On 1 August 2017 at 22:44, Bjorn Helgaas <helgaas@...nel.org> wrote:
> On Thu, Jul 13, 2017 at 10:26:40AM +0200, Greg Kroah-Hartman wrote:
>> On Wed, Jul 12, 2017 at 10:12:34PM -0500, Bjorn Helgaas wrote:
>> > On Mon, Jul 10, 2017 at 04:52:28PM +0100, Marc Zyngier wrote:
>> > > Ard and myself have just spent quite some time lately trying to pin
>> > > down an issue in the DMA code which was taking the form of a PCIe USB3
>> > > controller issuing a DMA access at some bizarre address, and being
>> > > caught red-handed by the IOMMU.
>> > >
>> > > After much head scratching and most of a week-end spent on tracing the
>> > > damn thing, I'm now convinced that the DMA code is fine, the XHCI
>> > > driver is correct, but that the HW (a Renesas uPD720202 chip) is a
>> > > nasty piece of work.
>> > >
>> > > The issue is as follow:
>> > >
>> > > - EFI initializes the controller using physical addresses above the
>> > >   4GB limit (this is on an arm64 box where the memory starts at
>> > >   0x80_00000000...).
>> > >
>> > > - The kernel takes over, sends a XHCI reset to the controller, and
>> > >   because we have an IOMMU sitting between the controller and memory,
>> > >   provides *virtual* addresses.
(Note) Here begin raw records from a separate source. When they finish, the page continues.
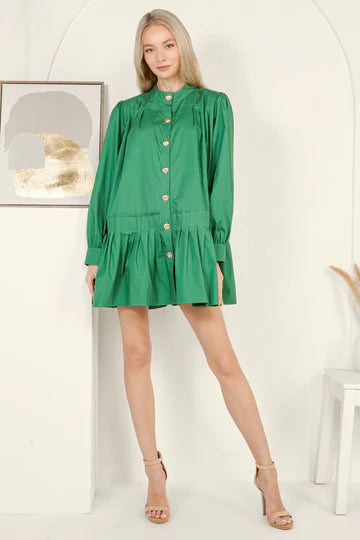 PINE GREEN PLEATED SKIRT DRESS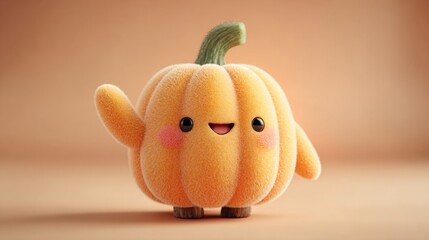 Happy pumpkin character waving in cartoon style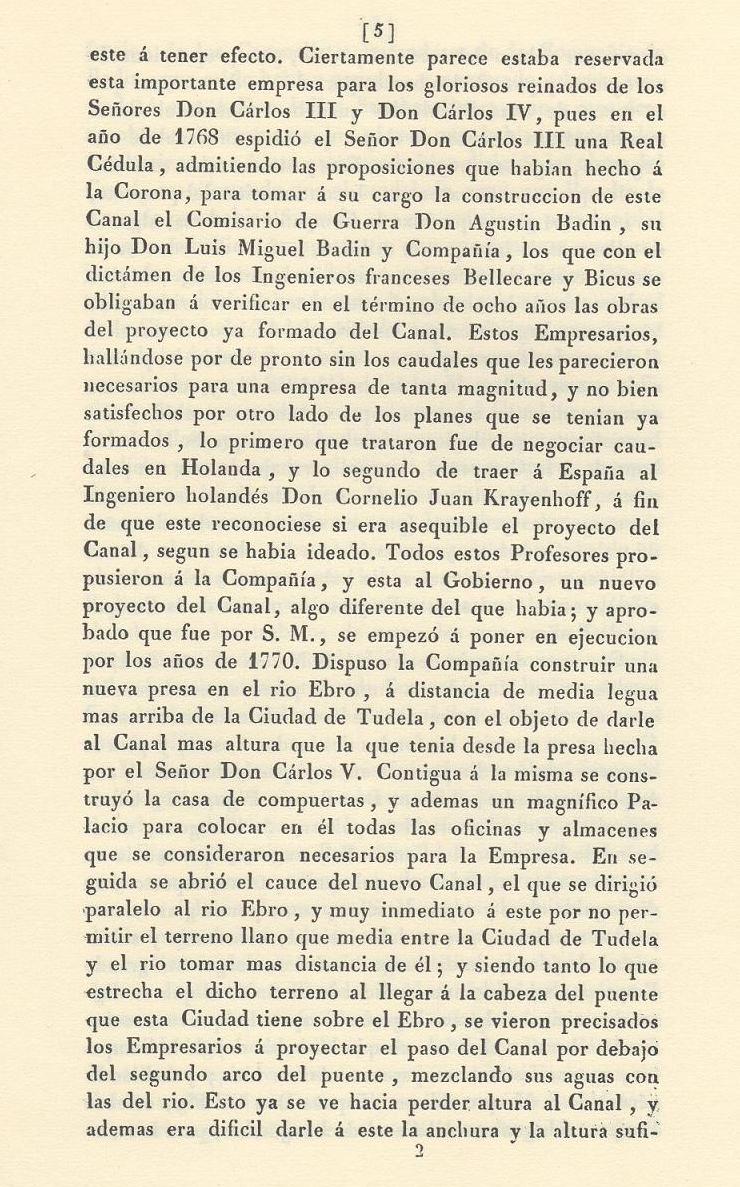 Página 5. Canal Imperial de Aragón. Memoria histórica. Noticia sobre las utilidades que produce, y explicación de que contiene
Trying to make things a bit faster for
>> > >   our controller, it issues IOVAs in the low 4GB range).
>> > >
>> > > - Low and behold, the controller is now issuing transactions with a
>> > >   0x80 prefix in front of our IOVA. Yes, the same prefix that was
>> > >   programmed during the EFI configuration. IOMMU fault, not happy.
>> > >
>> > > If the kernel is hacked to only generate IOVAs that are more than
>> > > 32bit wide, the HW behaves correctly. The only way I can explain this
>> > > behaviour is that the HW latches the top 32bit of the ERST (it is
>> > > always the ERST IOVA that appears in my traces) in some internal
>> > > register, and that the XHCI reset fails to clear it. Writing zero in
>> > > the top bits is not enough to clear it either.
>> > >
>> > > So far, the only solution we have for this lovely piece of kit is to
>> > > force a PCI reset at probe time, which puts it right. The patches are
>> > > pretty ugly, but that's the best I could come up with so far.
>> > >
>> > > Tested on a pair of AMD Opteron 1100 boxes with Renesas uPD720201 and
>> > > uPD720202 controllers.
>> > >
>> > > Marc Zyngier (2):
>> > >   PCI: Implement pci_reset_function_locked
>> > >   usb: host: pci_quirks: Force hard reset of Renesas uPD72020x USB
>> > >     controller
>> > >
>> > >  drivers/pci/pci.c             | 35 +++++++++++++++++++++++++++++++++++
>> > >  drivers/usb/host/pci-quirks.c | 20 ++++++++++++++++++++
>> > >  drivers/usb/host/pci-quirks.h |  1 +
>> > >  drivers/usb/host/xhci-pci.c   |  7 +++++++
>> > >  include/linux/pci.h           |  1 +
>> > >  5 files changed, 64 insertions(+)
>> >
>> > I provisionally applied this to pci/virtualization.  I'd like to have an
>> > XHCI ack before going further, though.
>>
>> The xhci maintainer is on vacation, let's wait a week for him to get
>> back to get this.  Given the long time that this has been broken on this
>> hardware, I think we can wait another week just fine :)
>
> Ping, in case Mathias is back from vacation :)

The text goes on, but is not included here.